Doyen de la Faculté de Médecine et Pharmacie, je fis dès 1959 un rapport lourd de précisions et d'exigences puisque je demandais la construction d'une nouvelle Faculté et d'un nouvel Hôpital. Je portais ce rapport au Ministre de l'Education Nationale et au Ministre de la Santé après l'avoir fait approuver par le Conseil de Faculté et présenté au Conseil d'Administration des Hôpitaux dont le Doyen faisait partie es qualité après la création des CHU par la réforme Debré. Dans les années qui suivirent, nombreuses furent les démarches, visites et rapports, et sont venues à Toulouse sept délégations ministérielles pour inspecter. La faculté fut obtenue et ouverte en 1968.

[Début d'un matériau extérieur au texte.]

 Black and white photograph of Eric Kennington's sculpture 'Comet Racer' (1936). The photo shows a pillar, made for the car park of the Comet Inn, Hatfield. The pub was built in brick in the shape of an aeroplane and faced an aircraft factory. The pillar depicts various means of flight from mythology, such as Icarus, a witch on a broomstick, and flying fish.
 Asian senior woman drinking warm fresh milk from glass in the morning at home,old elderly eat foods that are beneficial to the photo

Où aurait-on casé les étudiants si on était resté aux allées Jules Guesde ?


L'obtention de l'Hôpital fut plus laborieuse; il fallut plus de dix années. J'en ai écrit le détail dans "Mes carnets".

On disait, à Toulouse, Purpan ou Rangueil ? Et je répondais Purpan et Rangueil. La première pierre de l'Hôpital a été posée en 1970, l'ouverture et l'inauguration le 24 octobre 1975 par Madame Simone Veil, alors Ministre de la santé. Dans le même temps à l'Hôpital de Purpan, sur mon incitation et celle de Léon ECKKOUTTE(1), on a construit les pavillons Dieulafoy et Riser.

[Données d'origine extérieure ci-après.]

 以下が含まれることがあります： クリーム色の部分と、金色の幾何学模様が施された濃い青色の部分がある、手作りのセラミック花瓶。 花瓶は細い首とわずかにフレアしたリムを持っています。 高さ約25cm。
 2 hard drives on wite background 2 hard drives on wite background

J'ai demandé à l'architecte officiel de Rangueil nommé par Paris, Mr Noël le MARESQUIER de revêtir les pavillons de briques roses, couleur traditionnelle de notre ville, et non blancs comme ceux qu'il construisait à Limoges et à Nancy.

J'ai proposé le nom de "Rangueil", nom du quartier, et non comme cela fut d'abord : "Bellevue" (nom du lycée voisin) ou "Pouvourville" (nom du village voisin). Rappelons que Purpan et Larrey sont les noms de médecins toulousains.

L'application de la réforme universitaire, qui suivit l'agitation de 1968, provoqua la division de la faculté de médecine et pharmacie de Toulouse en cinq parties :
  • faculté de médecine Toulouse-Rangueil
  • faculté de médecine Toulouse-Purpan
  • faculté de pharmacie
  • faculté de chirurgie dentaire
  • école de masso-kinésithérapie.

De 1968 à 1970, des discussions se prolongèrent en raison de mon opposition à la constitution à Toulouse de trois universités, alors que j'en souhaitais quatre. La faculté des lettres devint l'université du Mirail. La faculté de droit devint l'université des sciences sociales. Les facultés des sciences et de médecine-pharmacie-dentaire devinrent l'université Paul Sabatier.

(1)Léon Eckkoutte, Sénateur, Président du Conseil d'Administration des Hôpitaux.